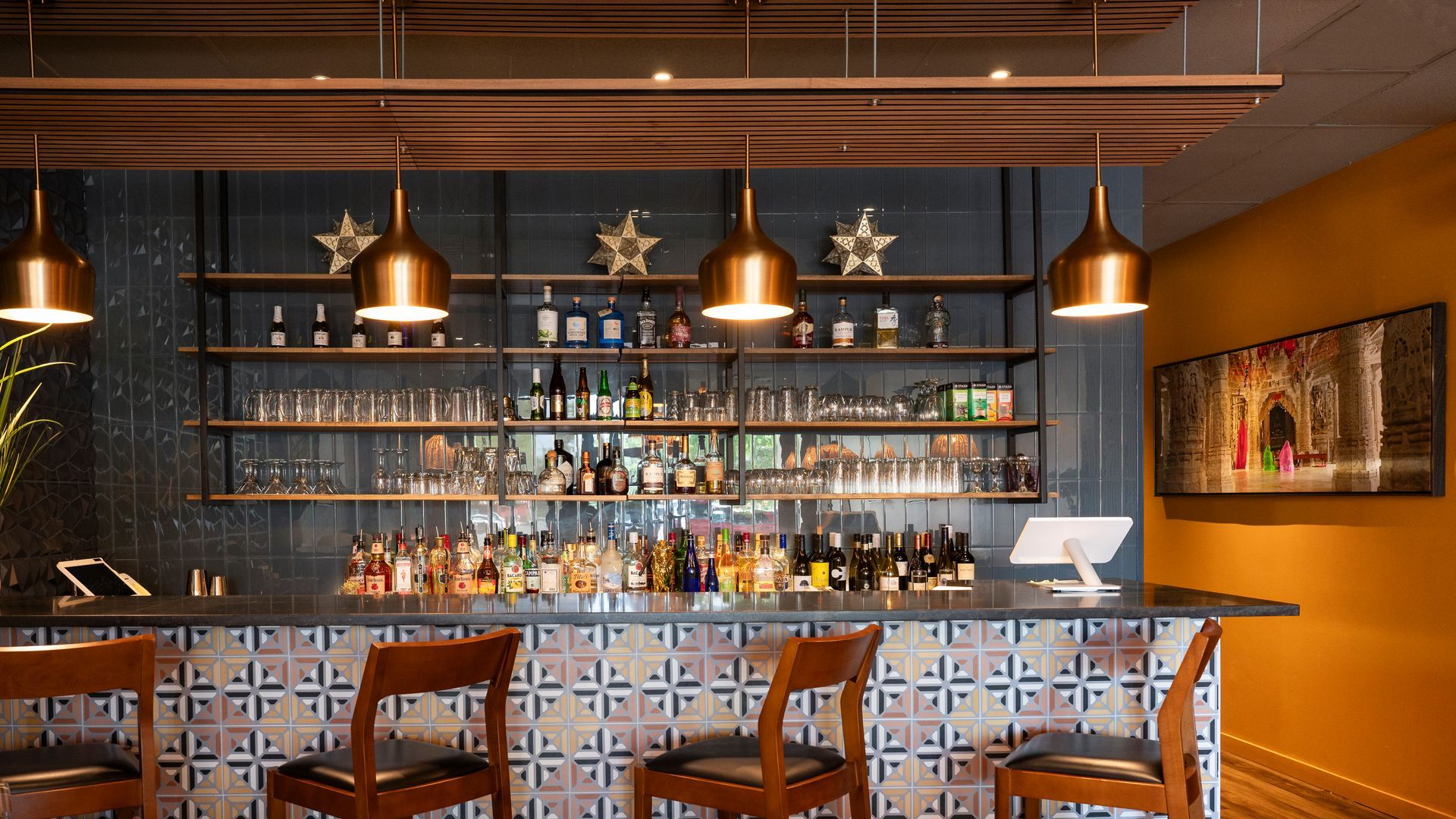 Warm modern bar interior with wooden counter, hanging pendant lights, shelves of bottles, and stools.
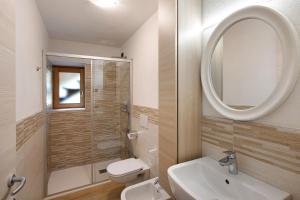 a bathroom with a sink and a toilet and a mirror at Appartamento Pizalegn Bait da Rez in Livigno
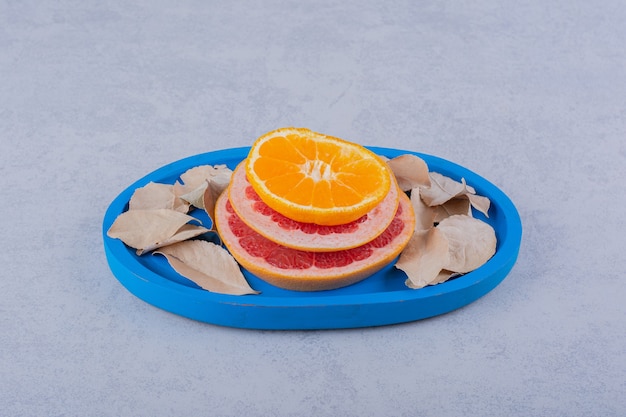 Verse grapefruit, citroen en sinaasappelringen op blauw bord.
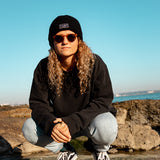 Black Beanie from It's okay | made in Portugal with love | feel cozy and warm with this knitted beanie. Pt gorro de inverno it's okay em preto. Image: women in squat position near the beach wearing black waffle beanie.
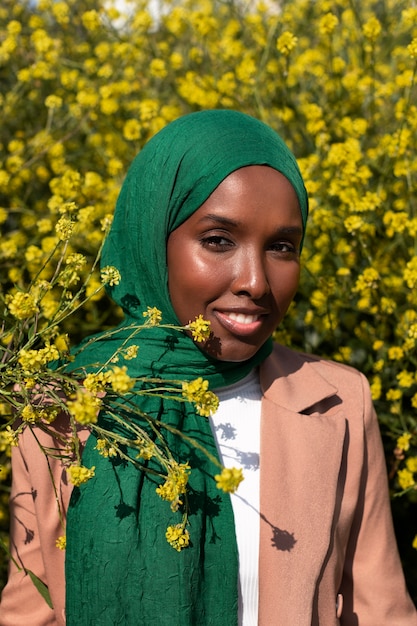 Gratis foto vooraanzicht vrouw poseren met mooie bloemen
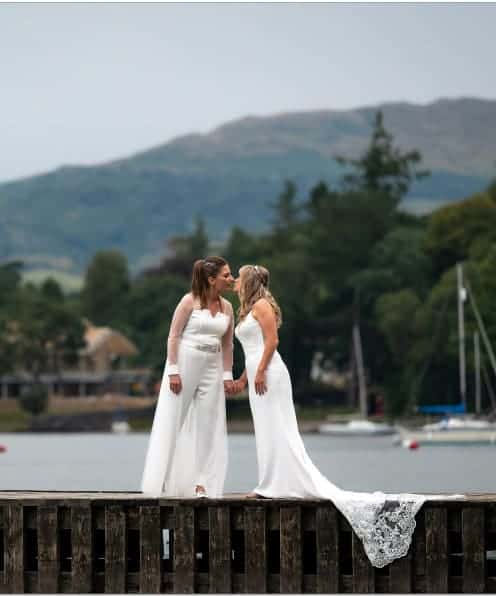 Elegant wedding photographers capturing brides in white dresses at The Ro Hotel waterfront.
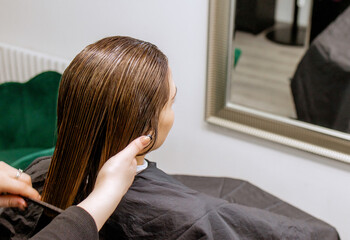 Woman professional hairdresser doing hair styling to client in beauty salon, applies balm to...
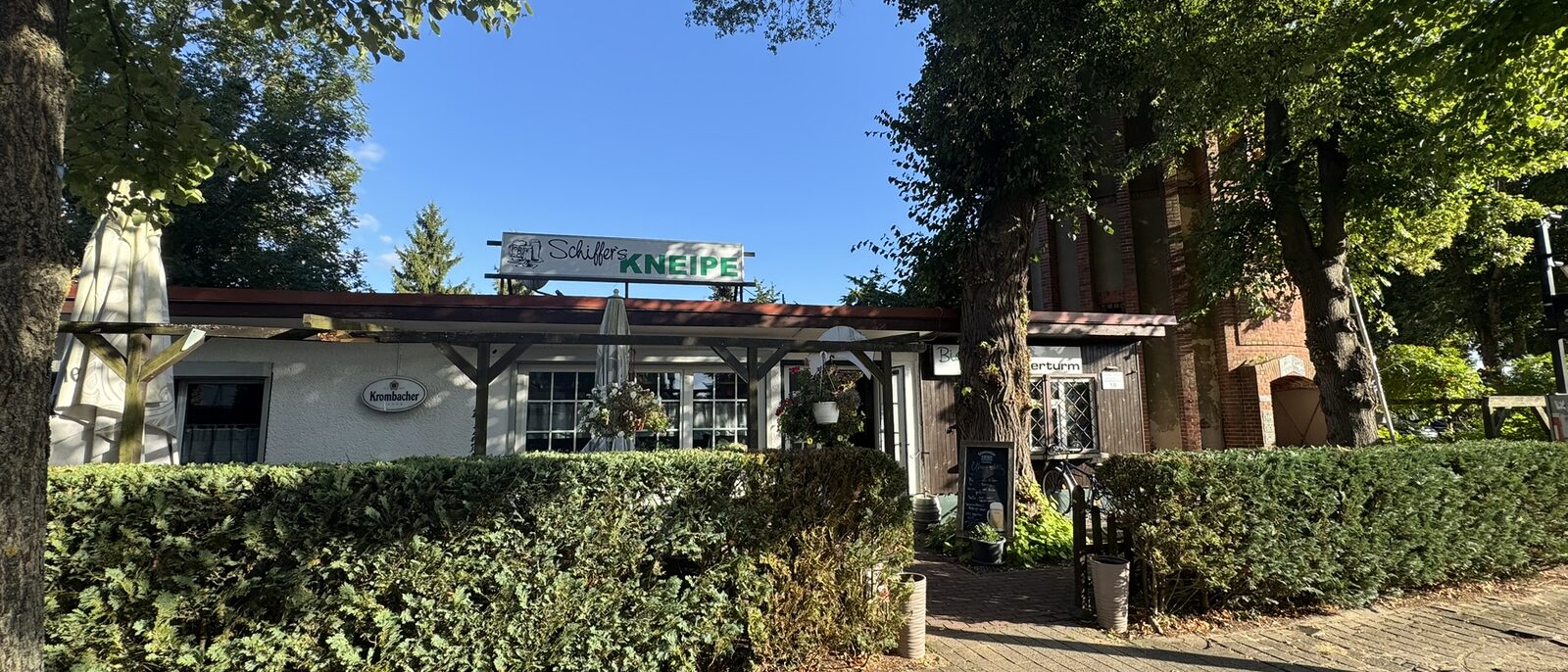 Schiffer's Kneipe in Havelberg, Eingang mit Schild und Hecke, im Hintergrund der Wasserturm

==============================

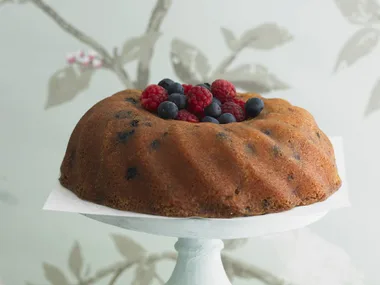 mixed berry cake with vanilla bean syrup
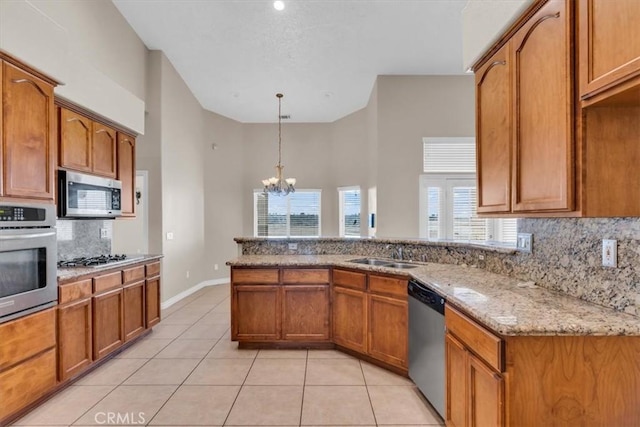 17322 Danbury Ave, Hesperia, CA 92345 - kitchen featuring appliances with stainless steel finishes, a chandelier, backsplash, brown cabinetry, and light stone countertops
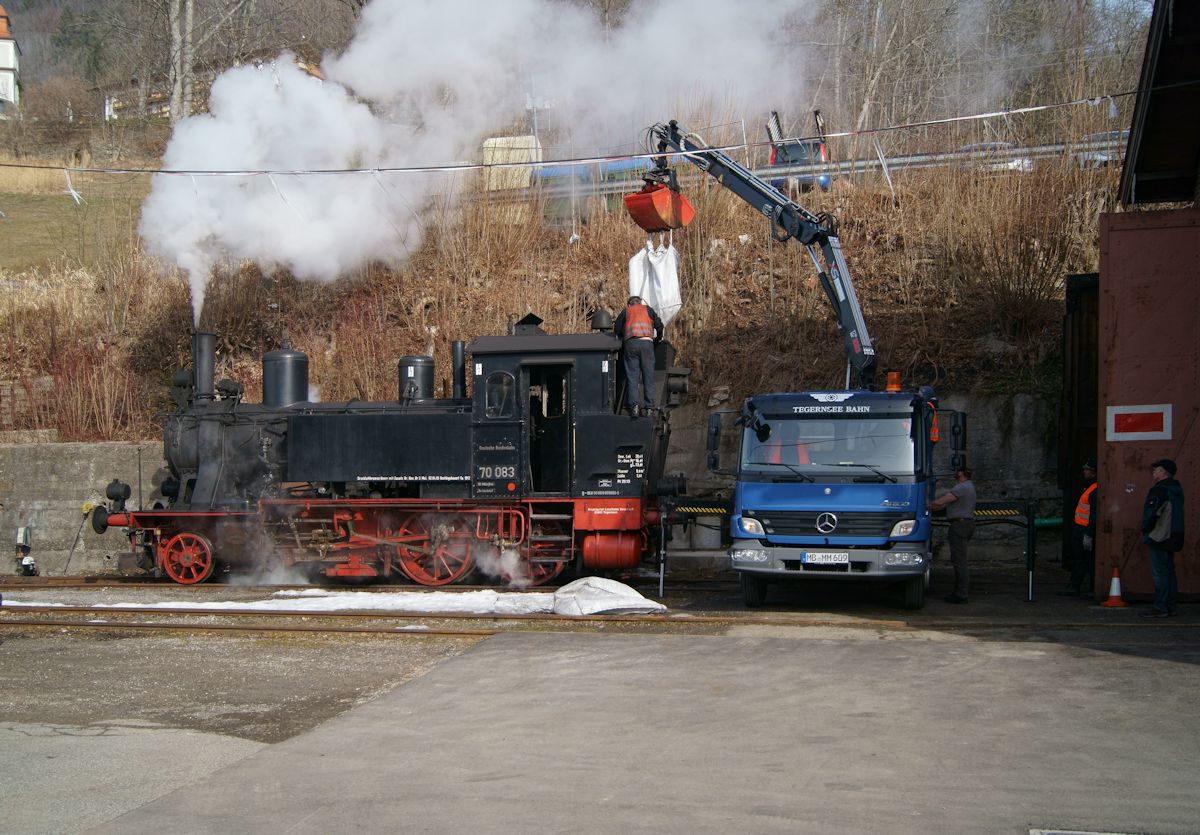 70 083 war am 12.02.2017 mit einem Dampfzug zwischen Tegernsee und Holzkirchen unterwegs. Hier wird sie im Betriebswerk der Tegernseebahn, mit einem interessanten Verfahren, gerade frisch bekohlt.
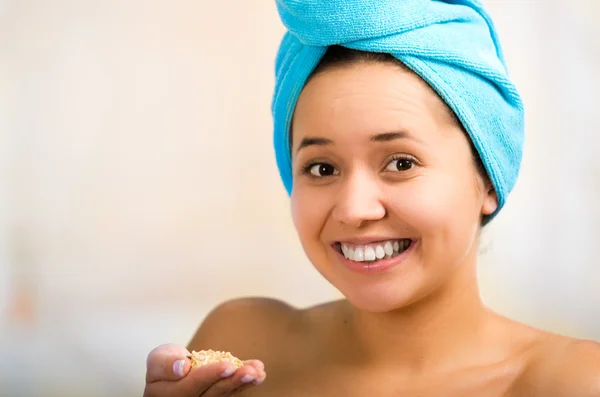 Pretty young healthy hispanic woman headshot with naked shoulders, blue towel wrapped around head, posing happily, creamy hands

==============================

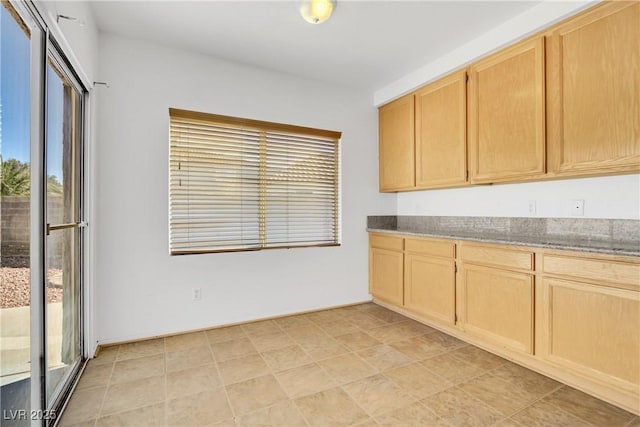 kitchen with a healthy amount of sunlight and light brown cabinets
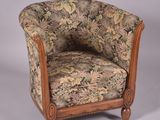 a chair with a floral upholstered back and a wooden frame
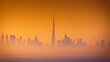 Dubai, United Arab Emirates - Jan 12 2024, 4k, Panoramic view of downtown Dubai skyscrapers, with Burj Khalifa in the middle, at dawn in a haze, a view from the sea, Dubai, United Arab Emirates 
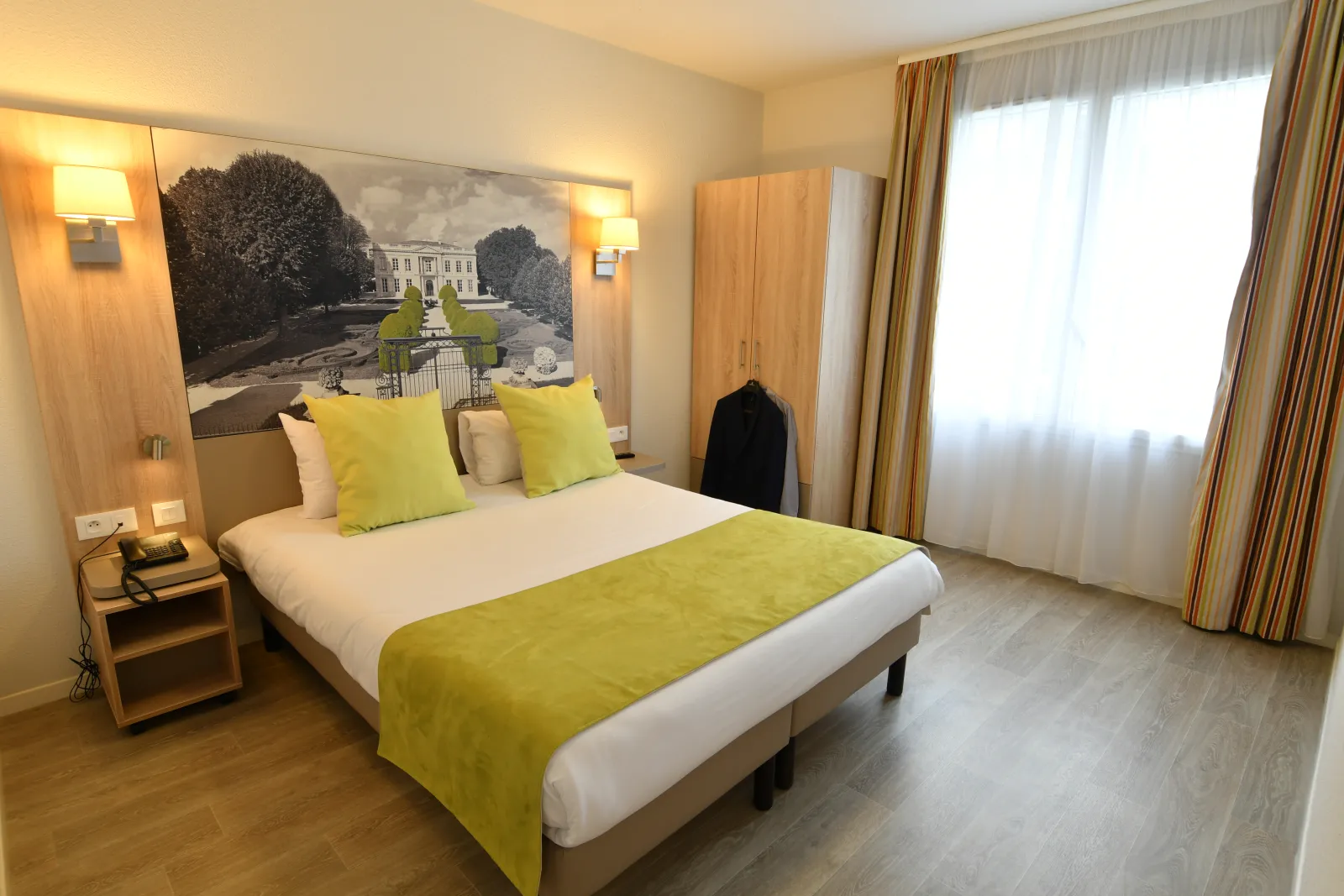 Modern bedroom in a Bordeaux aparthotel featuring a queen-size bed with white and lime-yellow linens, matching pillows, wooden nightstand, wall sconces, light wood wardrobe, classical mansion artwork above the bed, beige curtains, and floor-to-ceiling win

==============================

### ABOUT THIS TASK
To complete this exercise, transcribe exactly the lines above from the one that holds "mixed berry cake with vanilla bean syrup" through the one that holds "Pretty young healthy". Pictures stay out.

### SOLUTION TO THIS PROBLEM
 mixed berry cake with vanilla bean syrup
 17322 Danbury Ave, Hesperia, CA 92345 - kitchen featuring appliances with stainless steel finishes, a chandelier, backsplash, brown cabinetry, and light stone countertops
 70 083 war am 12.02.2017 mit einem Dampfzug zwischen Tegernsee und Holzkirchen unterwegs. Hier wird sie im Betriebswerk der Tegernseebahn, mit einem interessanten Verfahren, gerade frisch bekohlt.
 Pretty young healthy hispanic woman headshot with naked shoulders, blue towel wrapped around head, posing happily, creamy hands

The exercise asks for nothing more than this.